Adam's convergence proof is flawed
An example where Adam fails to converge to the true solution

Adam's convergence proof is flawed

2018, Aug 18    



ICLR 2018 - 1st article

In this series, we explore the 2018 edition of the International Conference on Learning Representations. Oral papers are analyzed and commented in an accessible way.

This article is based on the paper On the convergence of Adam and beyond by Sashank J. Reddi, Satyen Kale, and Sanjiv Kumar.



If you asked people in the deep learning community what their favorite optimization algorithm is, you’d probably see Adam in the top 2 (with Stochastic gradient descent + momentum), far ahead of alternatives like Adagrad or RMSProp (we’ll come to these in a minute). Adam has become very popular in deep learning since it was proposed by Kingma & Ba in December 2014. The reasons are easy to understand: it exhibits impressive performance, uses many important ideas of previous works, comes with predefined settings that already work very well, and does not require careful hyper-parameter tuning. Better performance with less work, what more do you want?

Naturally, great power comes with great responsibilities, even for optimization algorithms like Adam. At the very least, we expect some theoretical guarantees on the convergence properties, to make sure that the algorithm is actually doing its job when required. This is a necessary sanity check, confirming by the maths that we can legitimately have faith in its correctness.

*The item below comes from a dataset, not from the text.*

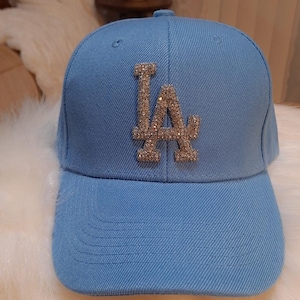 May include: A light blue baseball cap with a rhinestone "LA" logo.
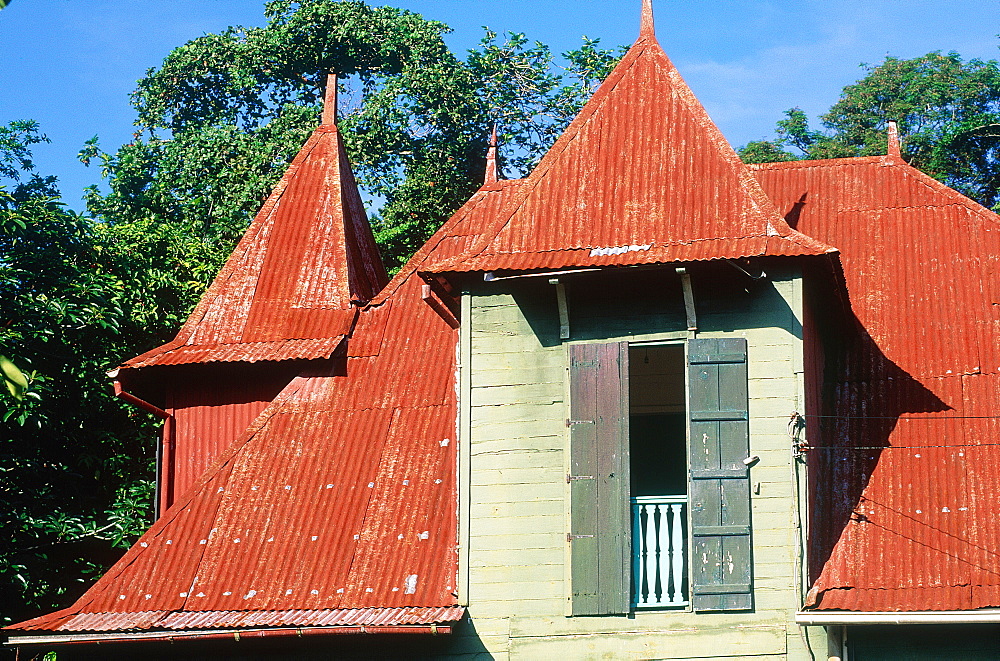 Seychelles, Mahe, Colonial Style Wooden House With Red Sheetmetal Roof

The convergence proof was provided in the original Adam paper. However, our authors show in their paper that this original proof is flawed, and Adam does not correctly converge in all problems, as illustrated by this theorem:

Theorem 3. [With mild assumptions on the parameters], there is a stochastic convex optimization problem for which Adam does not converge to the optimal solution.

How did we reach this point, where the most widely used optimization algorithm in deep learning does not converge in some simple convex problems? Let’s go back some years, and see what lead us there.



Gradient descent and adaptive methods

To facilitate analysis, let’s define our online optimization framework. At each time step $t$:

  • The algorithm picks a point $x_t$ (weights of the model) in the feasible set $\mathcal{F}$.
  • We then get access to the next mini-batch, with the associated loss function $f_t$, and we incur the loss $f_t(x_t)$.

Usually, our goal is to find an optimal parameter $x$ such that the loss $f(x)$ on the entire training set is minimal (intermediate loss functions $f_t$ are used as stochastic approximations of $f$). Here, in the (equivalent) online setup, the goal is to minimize the total regret at time $T$:

[R_T = \sum_{i=1}^T f_t(x_t) - \min_{x \in \mathcal{F}} \left(\sum_{i=1}^T f_t(x)\right)]

A large number of optimization algorithms were proposed to achieve this goal. For a detailed and intuitive overview (and introduction to gradient descent), I recommend this excellent blog post by Sebastian Ruder. We will just quickly go over a couple major steps that lead us to Adam.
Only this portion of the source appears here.